Amorphous alloy fiber-reinforced concrete (AAFRC) demonstrates superior tensile strength and corrosion resistance compared to steel fiber-reinforced concrete. However, the weak interfacial bonding between amorphous alloy fiber (AAF) and the cement matrix limits its performance, necessitating surface modification. This study investigates the effect of nano-SiO2 surface modification on AAF and its influence on the mechanical properties of ultrahigh-performance concrete (UHPC). The results reveal that a 3% nano-SiO2 solution yields optimal fiber modification, achieving a surface roughness of 3.94, a contact angle of 5.653°, and an interfacial bond strength of 3.37 MPa with the cement matrix. After modification, the UHPC incorporating treated fibers exhibited significant improvements in mechanical performance, with compressive strength, flexural strength, tensile strength, and peak stress reaching 134.4, 25.9, 8.51, and 119.27 MPa, respectively.

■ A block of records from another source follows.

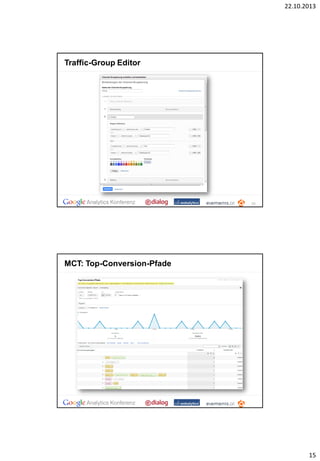 22.10.2013

Traffic-Group Editor

29

MCT: Top-Conversion-Pfade

15

 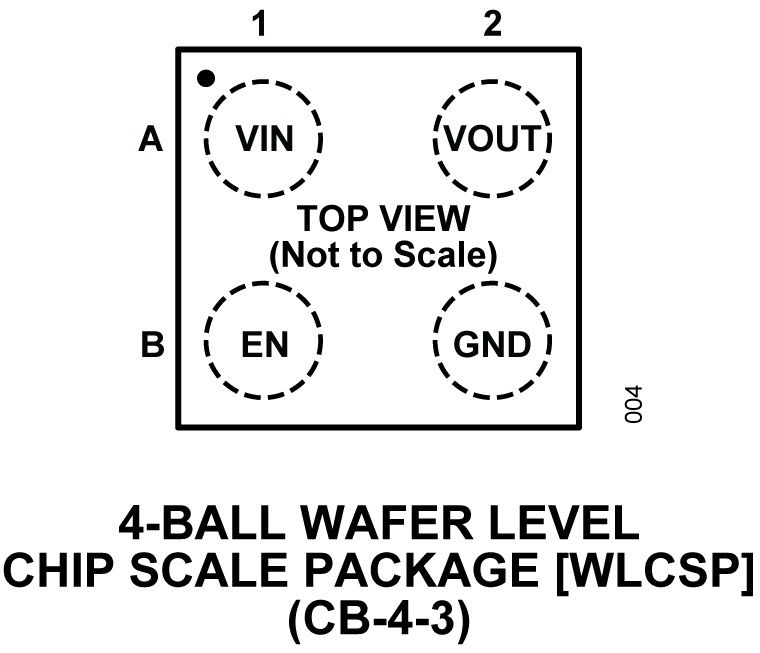 ADP150 product image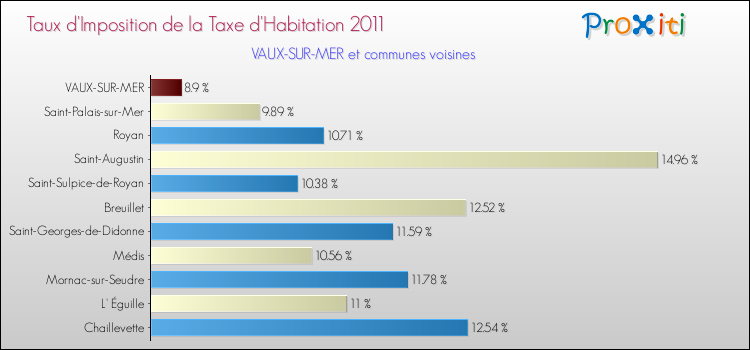 Taux d'imposition de la taxe d'habitation 2011 pour VAUX-SUR-MER et les communes proches Comparaison des taux d'imposition de la taxe d'habitation 2011 pour VAUX-SUR-MER et les communes voisines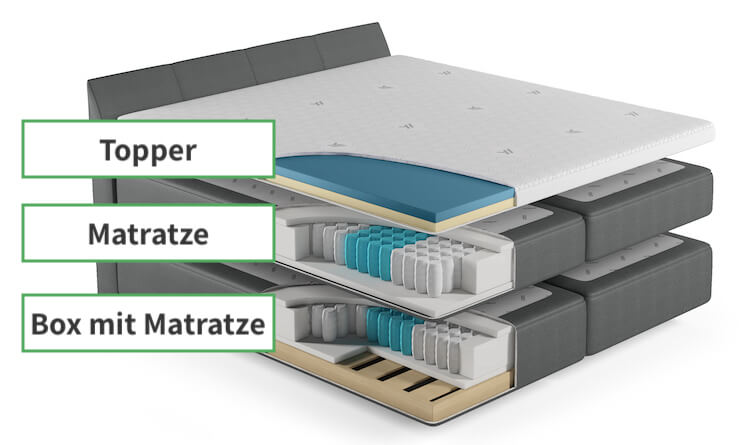 Boxspringbett Aufbau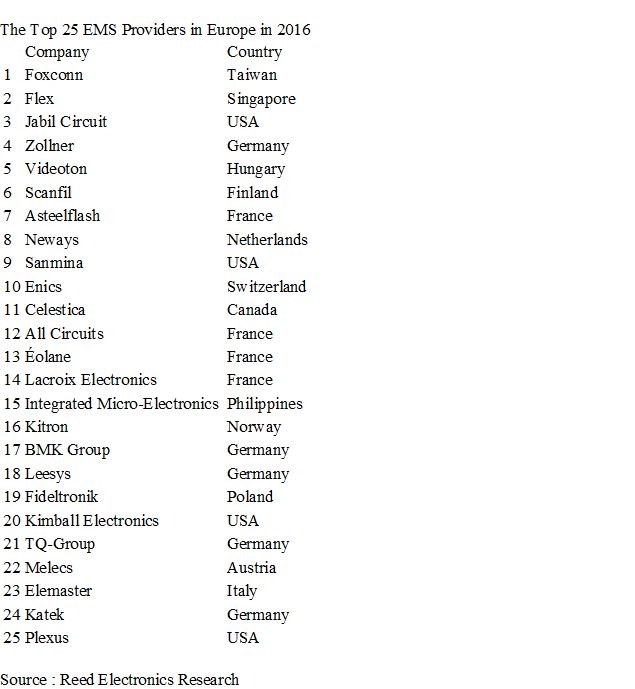 Reed Electronics Research - evertiq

These values represent increases of 3.54%, 7.92%, 13.47%, and 8.9% compared to UHPC with unmodified fibers. Microstructural analysis indicates that the nano-SiO2 coating reacts with cement hydration products, consuming Ca(OH)2 and generating additional C-S-H gel, thereby enhancing the fiber-matrix interface and overall mechanical performance. The findings provide a practical approach to optimizing AAF reinforcement in UHPC applications.